Now the Spaniard can rest and practise on clay. He looks almost a certainty to win the French Open. Unless there is a repercussion of the knee problem, you wouldn't look to anybody else.
There will be a lot of attractive odds on other players.
It will be interesting to see how Andy Murray does on the clay this summer. He has gradually improved on the surface he trained on as a kid, and must hope to make more of an impact.
I think Juan Martin del Potro has come into the mix as the fifth player who can challenge the established order while David Ferrer has perhaps predictably tailed off a bit so far this year having overachieved over the past few seasons.
In saying that, it remains a source of amusement how the women's game is derided with critics wondering what state the game is in when Serena Williams comes back from months off to win a tournament, and now Rafa has done exactly the same.
So what does that say about the men's game?
Of course, Federer was injured and Rafa didn't have to play Novak Djokovic or Murray, but it was an achievement of some note to come back on a surface that is not his best to win so soon.
Rafa doesn't look like he is going to have to scurry away clutching that left knee any time soon.
That can only make for an exciting summer ahead with the very best giving of their very best at the biggest tournaments.
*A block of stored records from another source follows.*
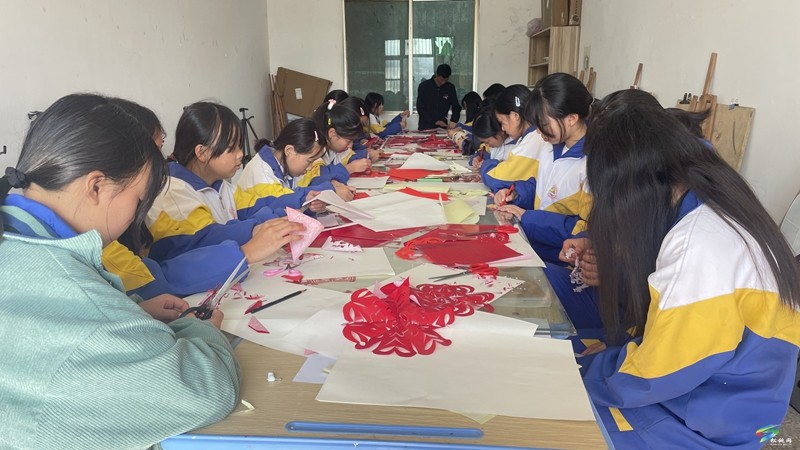松桃：多彩社團百花齊放 促進學生全面健康發(fā)展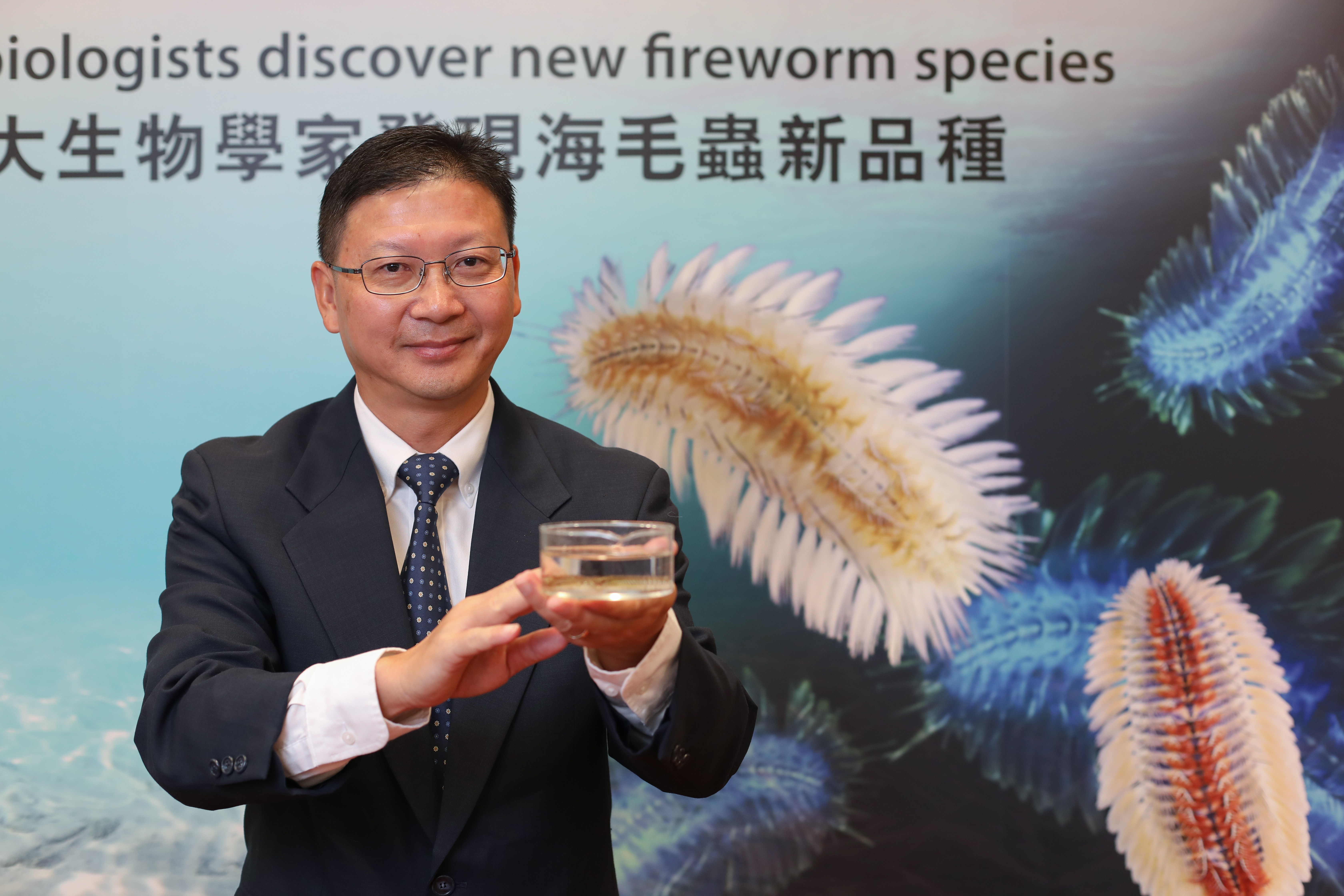 Baptist University biologist Qiu Jianwen discusses the discovery of a new fireworm species called Chloeia bimaculata. Photo: Xiaomei Chen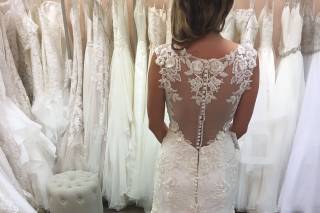 Amazing Brides Couture - 39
Let's hope Roger's back problem sorts itself out.
Sharapova success - but Serena Williams should master this season's Slams
It was a pleasant experience for Maria Sharapova in winning the women's title in Indian Wells, but Caroline Wozniacki was always unlikely to trouble her in the final.
Wozniacki is playing a bit better in recent times, but she can't really hurt the top women when they are at the top of their form.
When Sharapova doesn't feel threatened by an opponent, she can relax and let her powerful hitting do the talking.
The only problem for Sharapova is the erratic nature of her serve, but that held up well throughout the tournament and she looked in very good form.
Despite that success, I don't think she is going to trouble Serena Williams if the American player's head is right. Serena remains comfortably the best in the world, but there is not much between Sharapova and Victoria Azarenka.
Azarenka is probably second behind Serena, but is not that much ahead of Sharapova.
It is all about Grand Slams for those three now, but I would make Serena favourite to win the French Open if she is in the mood.
Of course, she is always liable to throw in the odd shocking performance like losing to Sloane Stephens in the Australian Open quarter-finals - but Azarenka and Sharapova must continue to go about their business and hope for that type of performance from Williams to boost their hopes.
Despite winning 15 Grand Slams, Serena sometimes falls asleep during matches then panics. That happens to some players when they get older. They think they can manage those moments, but are instead governed by them.
When something goes wrong in a Grand Slam, Serena can go from super confident to panic mode - and self-doubt suddenly creeps in.
Stephens is nowhere near the player Williams is and it was a similar situation against Virginie Razzano in the first round of Roland Garros last year when Serena panicked for no apparent reason.
If her head is in the right place and she is fit, which she has been, Serena starts a strong favourite in all of the big tournaments this season.